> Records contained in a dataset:
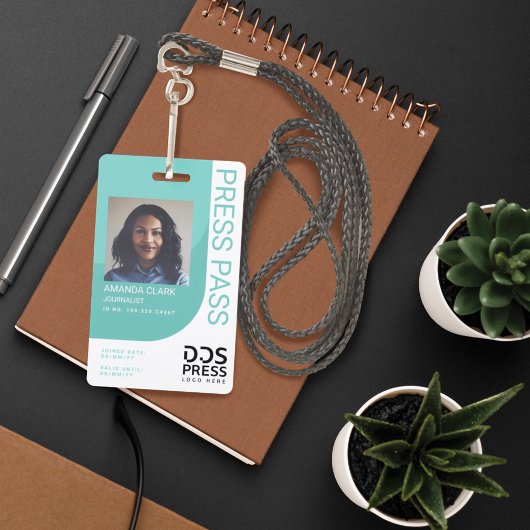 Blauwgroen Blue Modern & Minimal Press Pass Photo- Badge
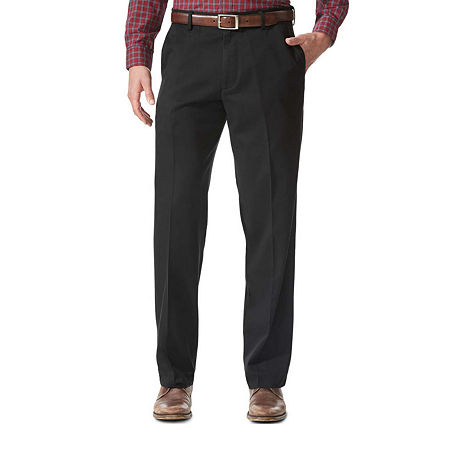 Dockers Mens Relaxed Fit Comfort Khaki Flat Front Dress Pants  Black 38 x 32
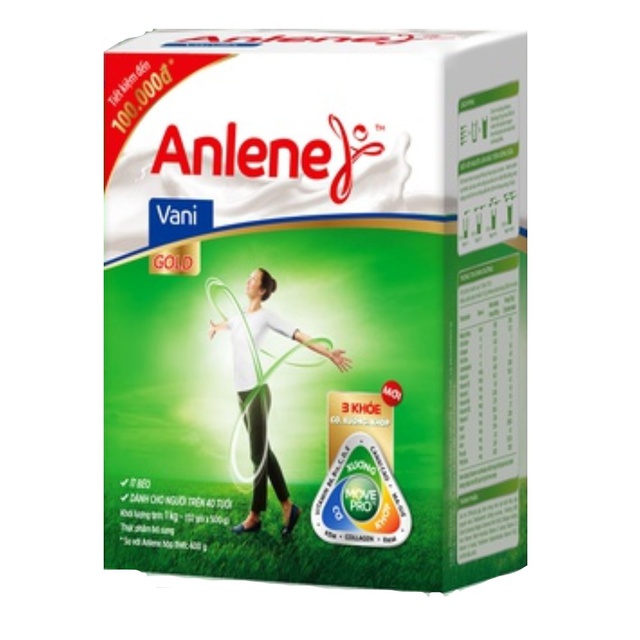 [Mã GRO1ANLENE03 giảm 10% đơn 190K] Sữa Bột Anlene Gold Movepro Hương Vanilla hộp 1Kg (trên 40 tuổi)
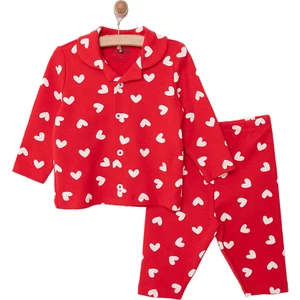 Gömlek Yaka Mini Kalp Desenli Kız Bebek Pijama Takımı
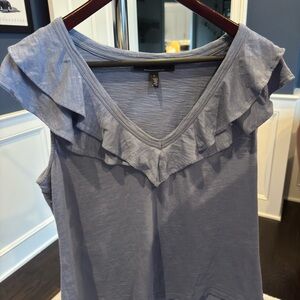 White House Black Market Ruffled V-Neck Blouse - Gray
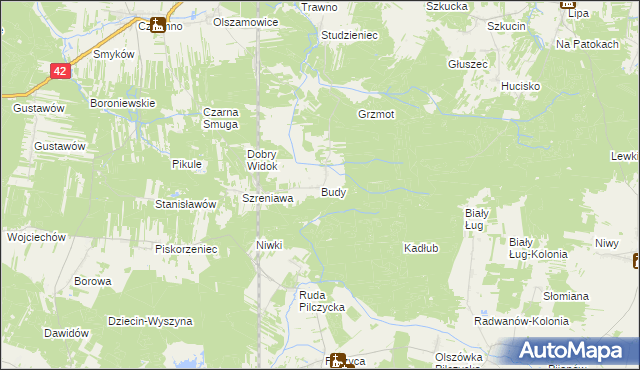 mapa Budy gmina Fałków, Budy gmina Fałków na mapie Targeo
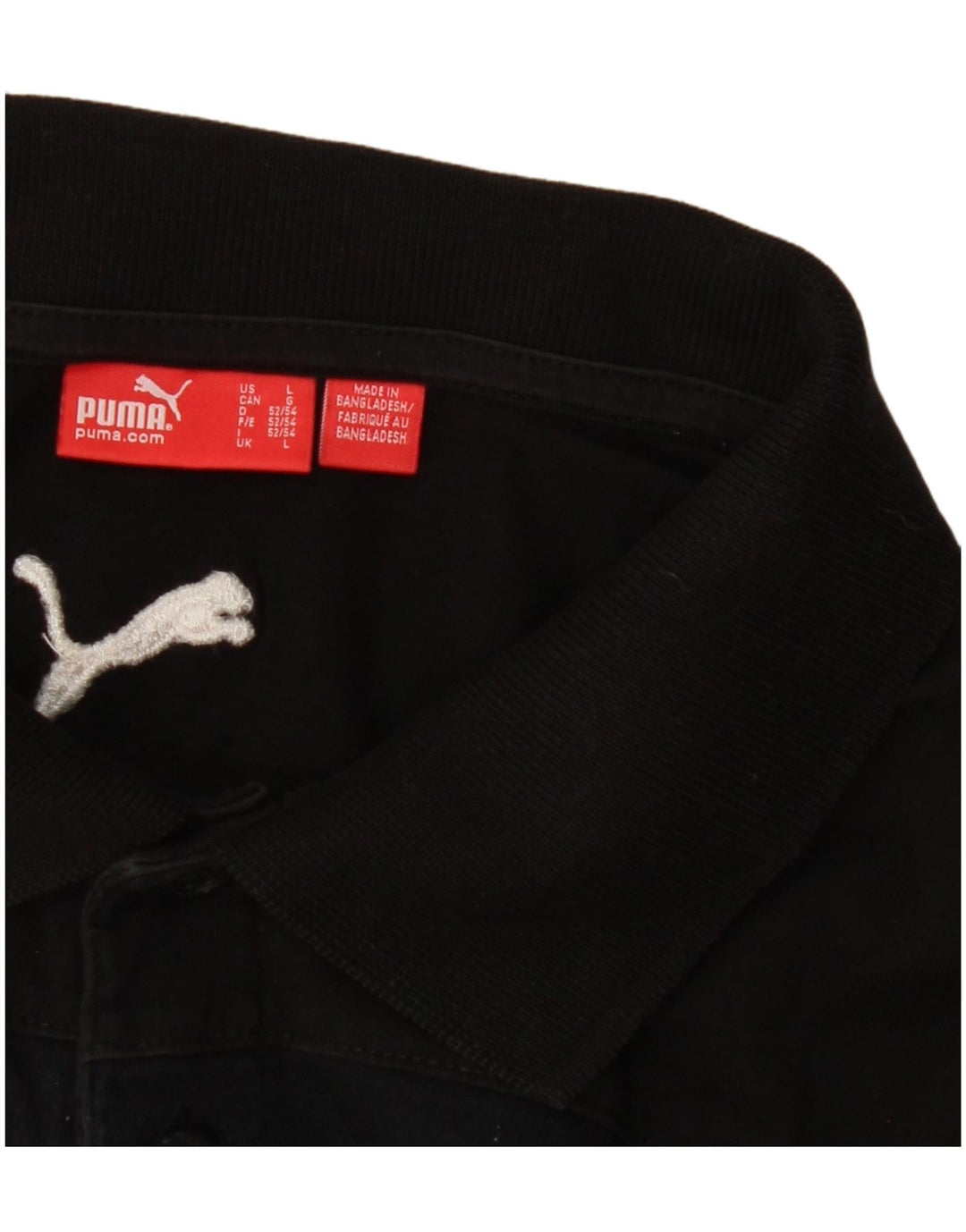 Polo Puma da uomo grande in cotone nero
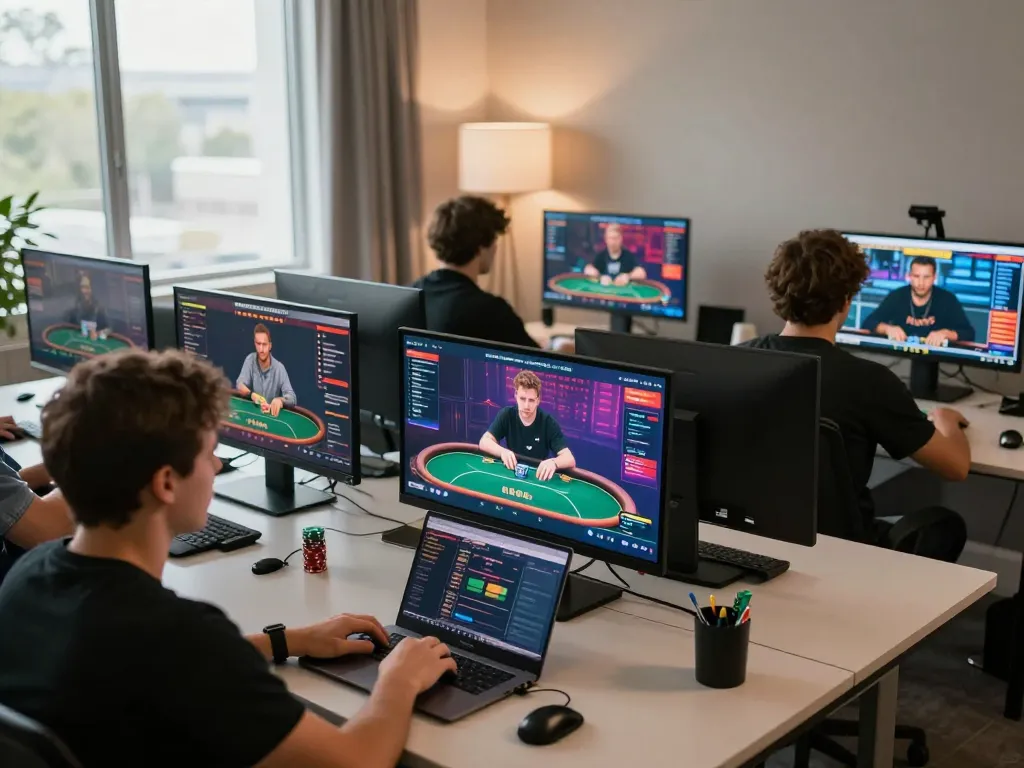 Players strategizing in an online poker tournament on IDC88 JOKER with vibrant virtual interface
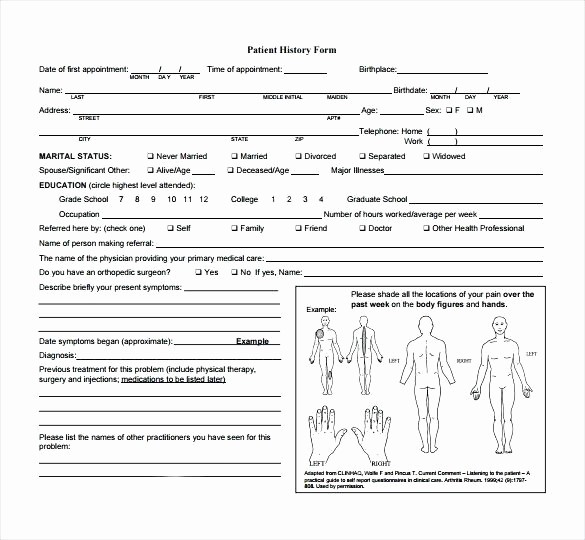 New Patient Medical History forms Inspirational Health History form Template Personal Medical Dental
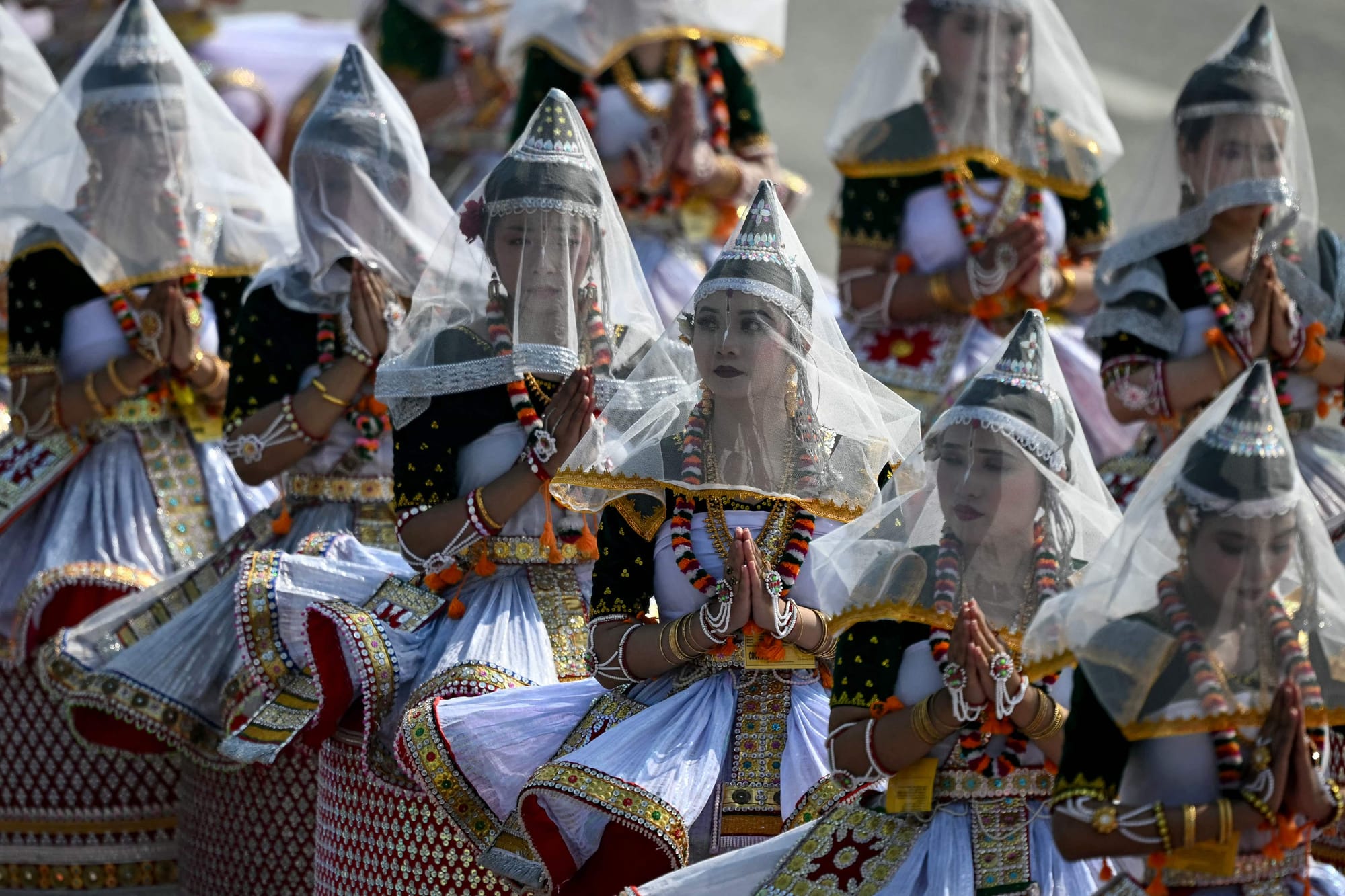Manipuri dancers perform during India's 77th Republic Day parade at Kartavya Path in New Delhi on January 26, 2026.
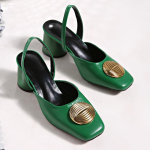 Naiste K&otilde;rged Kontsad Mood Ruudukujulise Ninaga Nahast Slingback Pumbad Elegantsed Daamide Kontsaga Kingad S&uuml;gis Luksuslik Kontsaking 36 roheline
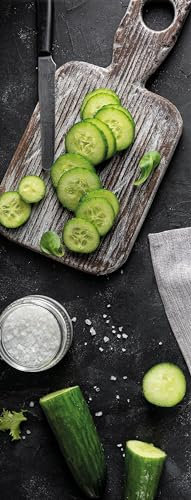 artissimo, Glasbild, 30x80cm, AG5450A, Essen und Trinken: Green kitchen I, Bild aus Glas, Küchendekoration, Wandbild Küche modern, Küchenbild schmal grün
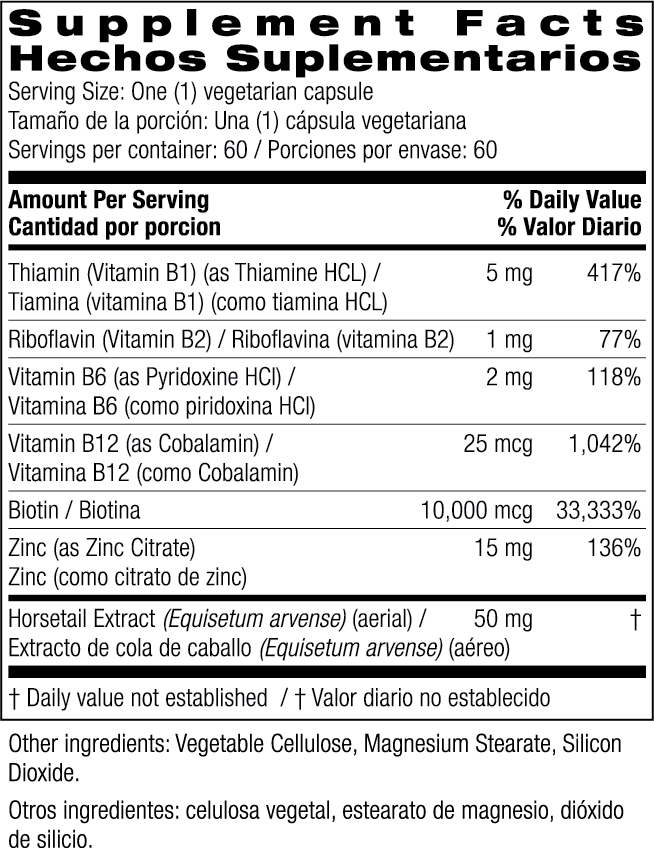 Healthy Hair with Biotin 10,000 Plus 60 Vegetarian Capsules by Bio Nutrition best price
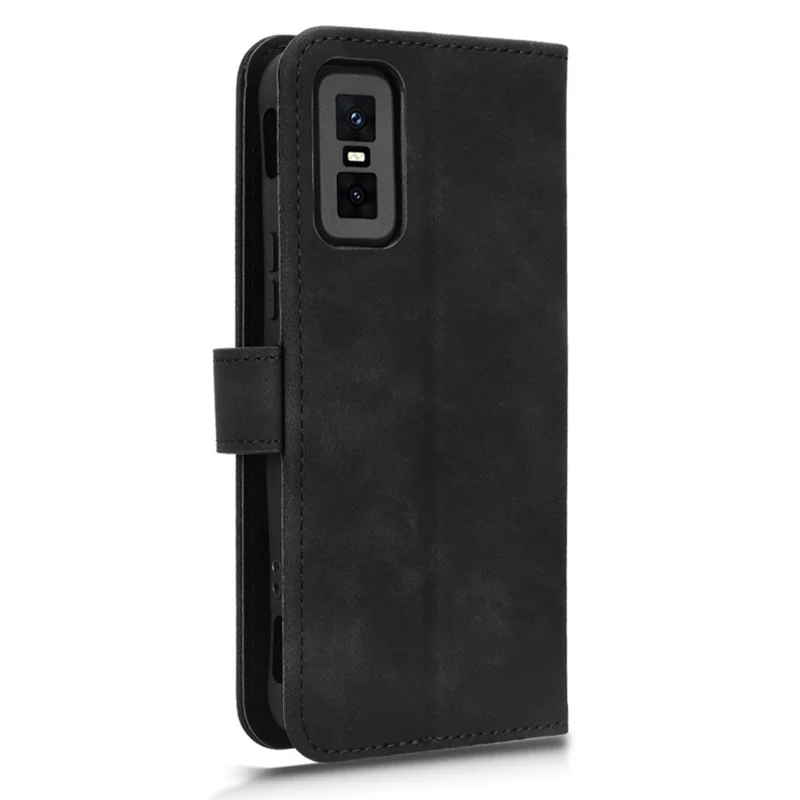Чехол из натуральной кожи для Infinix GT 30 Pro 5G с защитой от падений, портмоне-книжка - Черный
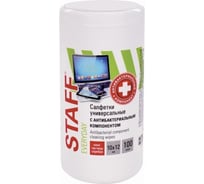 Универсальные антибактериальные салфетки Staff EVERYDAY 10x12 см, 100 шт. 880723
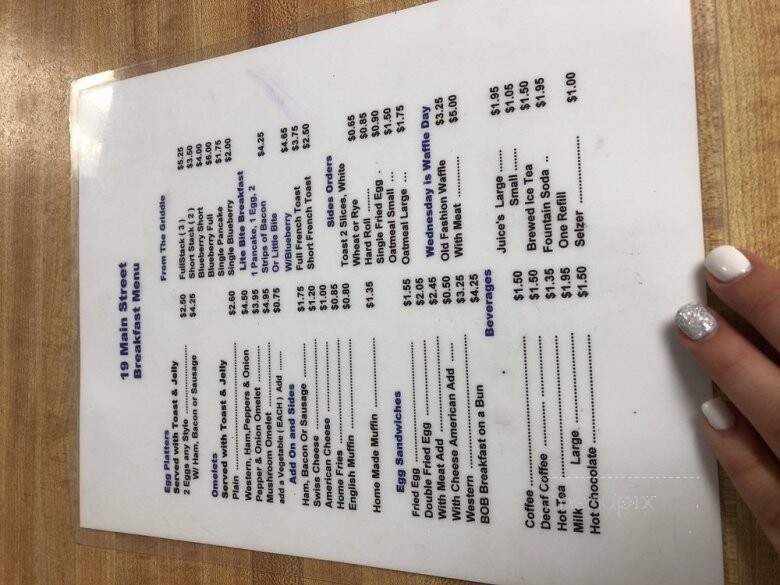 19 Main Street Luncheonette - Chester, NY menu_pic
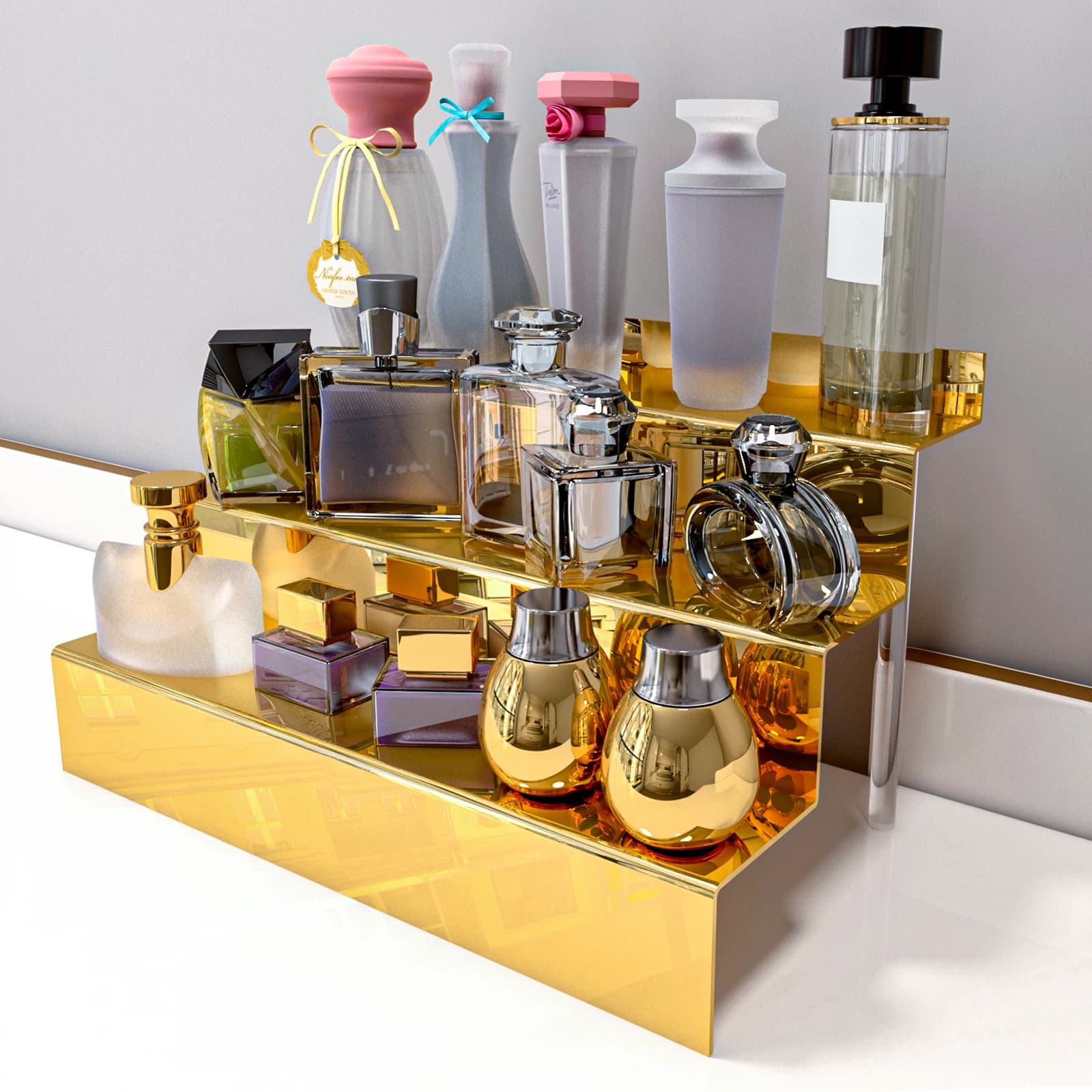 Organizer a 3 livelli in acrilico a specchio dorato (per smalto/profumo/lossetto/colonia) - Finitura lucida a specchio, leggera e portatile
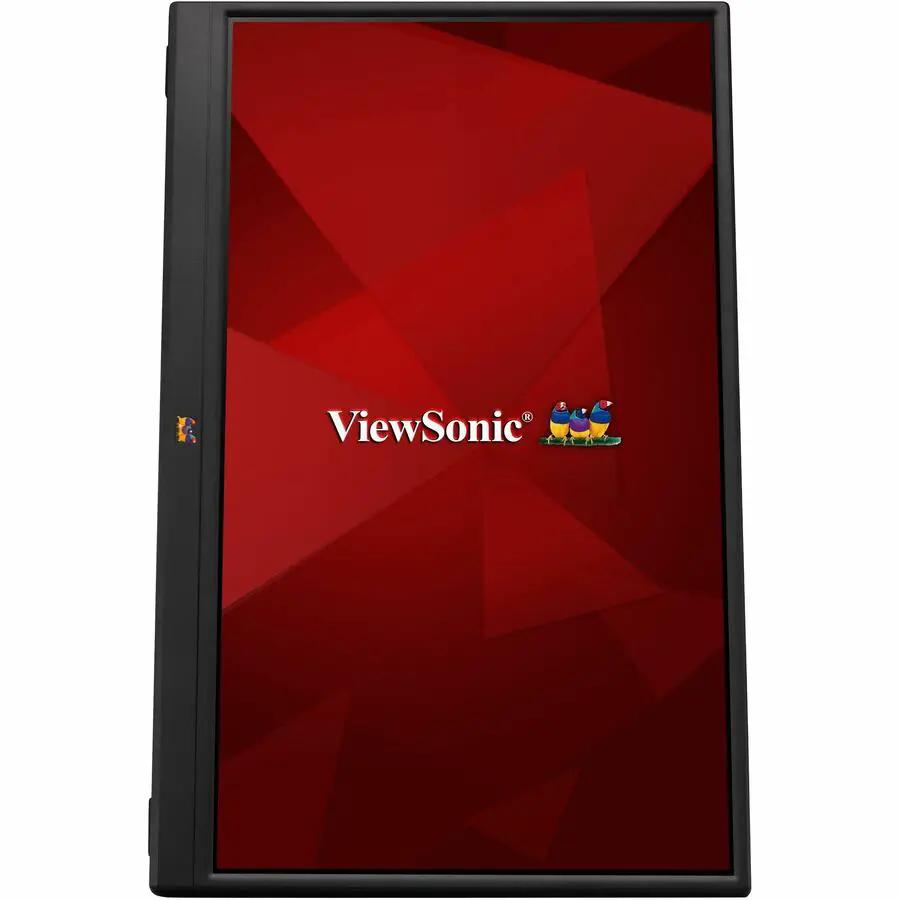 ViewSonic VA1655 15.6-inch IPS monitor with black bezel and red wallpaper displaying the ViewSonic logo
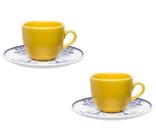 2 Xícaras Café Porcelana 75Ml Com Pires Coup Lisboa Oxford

> Assigned task: Using the entries above, repeat exactly the lines from the one with "mapa Budy gmina" to the one with "Naiste K&otilde;rged Kontsad", both included, and leave the pictures behind.

> Worked solution:
 mapa Budy gmina Fałków, Budy gmina Fałków na mapie Targeo
 Polo Puma da uomo grande in cotone nero
 Players strategizing in an online poker tournament on IDC88 JOKER with vibrant virtual interface
 New Patient Medical History forms Inspirational Health History form Template Personal Medical Dental
Manipuri dancers perform during India's 77th Republic Day parade at Kartavya Path in New Delhi on January 26, 2026.
 Naiste K&otilde;rged Kontsad Mood Ruudukujulise Ninaga Nahast Slingback Pumbad Elegantsed Daamide Kontsaga Kingad S&uuml;gis Luksuslik Kontsaking 36 roheline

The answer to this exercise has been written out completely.